The Stone-Moving Song, 2019
4'56'', HDV, sound, b&w and color, 16:9. Experimental video.

voice...............................................KATE KENDALL
original soundtrack........................TROPA MACACA
credits...................................................ANA BALIZA
shot............................................NEW MEXICO, 2019
production and image....................LUCIA PRANCHA

At the Santa Clara Indian Reservation near Los Alamos, New Mexico are the Puye Cliff Dwellings.

For more than three centuries, from about 1250 to 1577 A.D., these cliff dwellings were called home to some 1,500 Pueblo Indians. Until such time as drought forced the villagers to leave for locations nearer the Rio Grande River, these ancient Indians built villages, dwelled, farmed and hunted game here.

Through the years, it has been passed down from generation to generation, that the inhabitants of the Pueblo of Santa Clara, located some ten miles east of the cliff dwelling, are the decedents of the Puye.
These decedents continue to speak the Tewa language, of which, the name Puye translates to “pueblo ruin where the rabbits assemble or meet.”

The Santa Clara Indians are the descendants of those who once lived in the historic dwellings. Carved out of a 200-foot high cliff ridge formed from the Jemez Caldera volcano that erupted more than a million years ago, the cliff dwellings contain some 740 rooms. Foundations and archeological evidence suggest that additional dwellings were constructed at the base of the cliff. The rooms dug into the cliff wall extend for over a mile along the south face of the Puye mesa, sometimes at two separate levels. Over a dozen stairways, that are more like ladders and handholds, link the great Community House on the mesa top to the rock debris at the base of a cliff and the dwellings at its side. These “stairs” leading downward in various directions have been cut and worn into the cliffs, often accompanied by finger grips to make the climbing easier. In addition to the many dwellings, at least two subterranean ceremonial kivas have been found at the base of the cliffs where large sockets were cut to hold the heavy roof beams needed to span such a large room.


Many of the stairways lead up to the large “Community House” which has been partly reconstructed on the top of the cliff.
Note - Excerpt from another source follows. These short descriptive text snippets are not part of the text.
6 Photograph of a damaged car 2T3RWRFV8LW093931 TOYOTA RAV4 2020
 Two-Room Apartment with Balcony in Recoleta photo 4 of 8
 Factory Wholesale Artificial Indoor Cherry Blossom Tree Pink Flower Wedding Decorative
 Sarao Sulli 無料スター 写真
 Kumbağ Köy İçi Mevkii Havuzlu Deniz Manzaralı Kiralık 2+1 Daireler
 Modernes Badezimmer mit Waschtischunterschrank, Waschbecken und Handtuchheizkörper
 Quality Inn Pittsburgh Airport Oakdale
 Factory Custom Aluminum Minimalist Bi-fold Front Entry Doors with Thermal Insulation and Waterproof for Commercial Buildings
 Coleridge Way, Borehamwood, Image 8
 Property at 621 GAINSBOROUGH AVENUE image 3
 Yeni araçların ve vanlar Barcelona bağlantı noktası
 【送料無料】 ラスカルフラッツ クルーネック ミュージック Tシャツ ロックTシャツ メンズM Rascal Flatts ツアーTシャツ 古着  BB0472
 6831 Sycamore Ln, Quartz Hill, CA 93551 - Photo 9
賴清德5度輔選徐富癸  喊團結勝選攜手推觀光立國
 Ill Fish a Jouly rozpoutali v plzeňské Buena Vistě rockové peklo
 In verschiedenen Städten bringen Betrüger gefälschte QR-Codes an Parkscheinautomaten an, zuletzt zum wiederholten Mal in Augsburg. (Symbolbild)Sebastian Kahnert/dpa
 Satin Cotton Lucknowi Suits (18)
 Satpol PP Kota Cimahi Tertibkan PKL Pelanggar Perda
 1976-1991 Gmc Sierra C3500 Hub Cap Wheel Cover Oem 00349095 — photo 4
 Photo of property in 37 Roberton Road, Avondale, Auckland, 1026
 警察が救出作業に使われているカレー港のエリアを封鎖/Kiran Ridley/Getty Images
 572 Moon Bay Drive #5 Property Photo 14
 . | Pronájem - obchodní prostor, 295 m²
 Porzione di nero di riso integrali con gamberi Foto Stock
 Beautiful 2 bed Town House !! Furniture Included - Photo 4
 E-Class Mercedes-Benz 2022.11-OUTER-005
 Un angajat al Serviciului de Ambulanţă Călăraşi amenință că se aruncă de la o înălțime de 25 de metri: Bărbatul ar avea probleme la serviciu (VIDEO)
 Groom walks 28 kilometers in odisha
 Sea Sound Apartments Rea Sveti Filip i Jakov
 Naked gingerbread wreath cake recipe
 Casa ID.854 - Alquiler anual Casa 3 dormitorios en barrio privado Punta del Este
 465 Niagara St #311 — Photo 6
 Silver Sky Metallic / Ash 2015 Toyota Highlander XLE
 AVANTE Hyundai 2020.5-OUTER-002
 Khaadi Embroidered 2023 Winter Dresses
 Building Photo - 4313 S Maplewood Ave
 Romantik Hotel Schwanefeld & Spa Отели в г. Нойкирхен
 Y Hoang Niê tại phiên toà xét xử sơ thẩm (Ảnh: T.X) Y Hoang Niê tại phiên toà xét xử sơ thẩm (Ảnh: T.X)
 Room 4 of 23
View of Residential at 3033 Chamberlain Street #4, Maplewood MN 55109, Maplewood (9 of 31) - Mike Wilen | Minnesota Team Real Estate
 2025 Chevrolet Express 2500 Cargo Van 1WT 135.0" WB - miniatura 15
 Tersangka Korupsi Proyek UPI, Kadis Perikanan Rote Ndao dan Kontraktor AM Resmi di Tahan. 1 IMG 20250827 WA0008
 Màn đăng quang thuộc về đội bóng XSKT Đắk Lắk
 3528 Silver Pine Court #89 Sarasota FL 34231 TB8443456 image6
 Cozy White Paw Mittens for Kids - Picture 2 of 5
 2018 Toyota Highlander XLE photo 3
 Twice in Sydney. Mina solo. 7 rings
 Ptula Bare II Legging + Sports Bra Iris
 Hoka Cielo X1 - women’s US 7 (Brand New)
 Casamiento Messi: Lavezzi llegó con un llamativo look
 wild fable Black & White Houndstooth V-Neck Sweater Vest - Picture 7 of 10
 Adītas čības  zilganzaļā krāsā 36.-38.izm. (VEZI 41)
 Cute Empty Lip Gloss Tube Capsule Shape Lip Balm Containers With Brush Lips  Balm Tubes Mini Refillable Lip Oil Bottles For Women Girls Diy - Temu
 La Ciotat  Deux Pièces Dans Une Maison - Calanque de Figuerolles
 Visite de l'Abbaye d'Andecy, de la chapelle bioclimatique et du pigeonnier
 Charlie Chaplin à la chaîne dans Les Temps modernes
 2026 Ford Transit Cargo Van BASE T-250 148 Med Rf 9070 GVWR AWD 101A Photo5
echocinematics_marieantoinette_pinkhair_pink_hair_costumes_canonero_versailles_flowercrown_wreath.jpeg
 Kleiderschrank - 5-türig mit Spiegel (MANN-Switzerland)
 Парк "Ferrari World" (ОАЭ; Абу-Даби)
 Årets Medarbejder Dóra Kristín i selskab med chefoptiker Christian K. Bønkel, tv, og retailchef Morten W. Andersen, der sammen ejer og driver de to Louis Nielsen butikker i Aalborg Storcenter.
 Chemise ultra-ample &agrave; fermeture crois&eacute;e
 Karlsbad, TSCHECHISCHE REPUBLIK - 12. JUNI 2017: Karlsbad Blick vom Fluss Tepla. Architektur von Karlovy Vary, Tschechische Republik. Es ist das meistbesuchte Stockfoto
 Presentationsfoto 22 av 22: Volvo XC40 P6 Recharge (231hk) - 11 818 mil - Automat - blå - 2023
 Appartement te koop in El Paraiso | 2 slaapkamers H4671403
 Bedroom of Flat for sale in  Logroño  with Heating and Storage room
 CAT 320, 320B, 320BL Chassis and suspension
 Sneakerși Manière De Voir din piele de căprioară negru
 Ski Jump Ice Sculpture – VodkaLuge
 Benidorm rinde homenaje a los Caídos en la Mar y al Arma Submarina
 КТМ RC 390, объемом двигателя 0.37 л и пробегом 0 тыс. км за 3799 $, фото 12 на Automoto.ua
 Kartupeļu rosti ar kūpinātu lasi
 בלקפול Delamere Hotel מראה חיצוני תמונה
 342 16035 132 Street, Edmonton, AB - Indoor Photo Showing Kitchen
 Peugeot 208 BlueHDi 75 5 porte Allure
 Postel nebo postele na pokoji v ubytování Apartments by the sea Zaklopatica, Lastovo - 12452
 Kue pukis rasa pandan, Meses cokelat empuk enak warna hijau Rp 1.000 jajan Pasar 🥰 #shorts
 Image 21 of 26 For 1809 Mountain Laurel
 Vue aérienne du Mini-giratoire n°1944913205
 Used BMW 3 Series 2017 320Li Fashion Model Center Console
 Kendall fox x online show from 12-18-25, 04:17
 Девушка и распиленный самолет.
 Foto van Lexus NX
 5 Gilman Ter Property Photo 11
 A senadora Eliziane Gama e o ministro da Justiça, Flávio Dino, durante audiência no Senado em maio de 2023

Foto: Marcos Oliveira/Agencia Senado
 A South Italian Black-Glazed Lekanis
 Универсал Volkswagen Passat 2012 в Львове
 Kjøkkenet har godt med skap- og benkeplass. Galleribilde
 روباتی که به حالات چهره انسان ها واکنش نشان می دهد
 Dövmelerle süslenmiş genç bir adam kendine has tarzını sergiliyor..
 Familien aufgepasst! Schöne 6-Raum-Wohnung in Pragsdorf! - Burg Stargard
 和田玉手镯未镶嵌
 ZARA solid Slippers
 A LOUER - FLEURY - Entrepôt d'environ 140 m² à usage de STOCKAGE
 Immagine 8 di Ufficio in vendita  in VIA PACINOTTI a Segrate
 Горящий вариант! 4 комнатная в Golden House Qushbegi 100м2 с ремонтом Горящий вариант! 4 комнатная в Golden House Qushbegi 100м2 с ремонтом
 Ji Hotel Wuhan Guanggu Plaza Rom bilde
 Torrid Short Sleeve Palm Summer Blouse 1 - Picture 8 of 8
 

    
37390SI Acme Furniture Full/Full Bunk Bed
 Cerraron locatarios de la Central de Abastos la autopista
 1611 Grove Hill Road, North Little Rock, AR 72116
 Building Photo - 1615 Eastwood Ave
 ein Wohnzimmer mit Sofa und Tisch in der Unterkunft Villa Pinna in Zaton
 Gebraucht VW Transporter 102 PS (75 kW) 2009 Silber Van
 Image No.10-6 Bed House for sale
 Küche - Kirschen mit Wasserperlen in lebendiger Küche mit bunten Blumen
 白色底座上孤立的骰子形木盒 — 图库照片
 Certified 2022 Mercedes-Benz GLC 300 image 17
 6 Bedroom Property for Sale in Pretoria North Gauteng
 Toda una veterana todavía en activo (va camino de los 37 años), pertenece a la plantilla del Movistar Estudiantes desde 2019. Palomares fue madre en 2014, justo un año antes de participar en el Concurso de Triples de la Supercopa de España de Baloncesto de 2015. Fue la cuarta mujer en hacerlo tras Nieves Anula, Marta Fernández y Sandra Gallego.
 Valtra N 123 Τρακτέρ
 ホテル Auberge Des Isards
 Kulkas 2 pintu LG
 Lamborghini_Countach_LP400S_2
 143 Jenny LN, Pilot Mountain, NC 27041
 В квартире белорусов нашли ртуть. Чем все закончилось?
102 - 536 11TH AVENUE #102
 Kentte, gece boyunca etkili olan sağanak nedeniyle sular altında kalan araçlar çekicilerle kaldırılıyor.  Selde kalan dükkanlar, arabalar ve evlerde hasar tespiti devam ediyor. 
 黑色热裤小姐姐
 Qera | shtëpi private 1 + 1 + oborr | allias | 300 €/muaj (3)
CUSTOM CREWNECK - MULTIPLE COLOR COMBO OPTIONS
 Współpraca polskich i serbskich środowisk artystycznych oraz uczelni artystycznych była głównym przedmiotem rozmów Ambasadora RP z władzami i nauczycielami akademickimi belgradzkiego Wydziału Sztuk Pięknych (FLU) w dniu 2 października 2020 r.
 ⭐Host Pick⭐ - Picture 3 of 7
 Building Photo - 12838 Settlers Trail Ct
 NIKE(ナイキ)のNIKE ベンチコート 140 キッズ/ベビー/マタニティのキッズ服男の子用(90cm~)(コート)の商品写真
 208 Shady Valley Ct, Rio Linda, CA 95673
Built of blocks of volcanic tuff (rock formed of compressed volcanic ash and cinders,) the Community House may have served a defensive purpose for the ancient Indians. Portions of this structure were once up to two to three stories high. On the many rocky faces of the walls of the cliff house, numerous petroglyphs, including animal forms, human figures, geometric designs can be found. Today, the Puye Cliff Dwellings is a National Landmark, owned and operated as a cultural monument by the Pueblo of Santa Clara. The site is generally open to the public but sometimes closed for rituals.


THE STONE-MOVING SONG


THE Horned Toad is also a famous musician--a sort of Pueblo Orpheus, whose song charms the very stones and trees. A short folk-story of Isleta refers to this.

One day Quáh-le-kee-raí-deh was working in his field. There were many very large rocks, and to move them he sang a strong song as he pulled:

Yah éh-ah, héh-ah háy-na,
Yah, éh-ah, heh-ah hay-na,
Wha-naí-kee-ay hee-e-wid-deh
Ah-kwe-ée-hee ai-yén-cheh,
Yahb-k'yáy-queer ah-chóo-hee.

When he sang this and touched the heaviest stone, it rose up from the ground, and went over his head and fell far behind him.

While he worked so, Too-wháy-deh came along; and seeing what happened, he wished to meddle, as his way is. So he said:

"Friend Quáh-le-kee-raí-deh, let me do it."

"No, friend," said the Horned Toad. "It is better for every one to do what he knows, and not to put himself in the work of others."

"Do not think so," answered the Coyote. "For I can do this also. It is very easy."

"It is well, then--but see that you are not afraid; for so it will be bad."

Too-wháy-deh laid off his blanket and took hold of the largest rock there was, and sang the song. When he sang, the rock rose up in the air to go over his head; but he, being scared, ducked his head. Then at once the rock fell on him, and he had no bones left. Then the Horned Toad laughed, and gave the enemy-yell (war-whoop), saying: "We do this to one another!"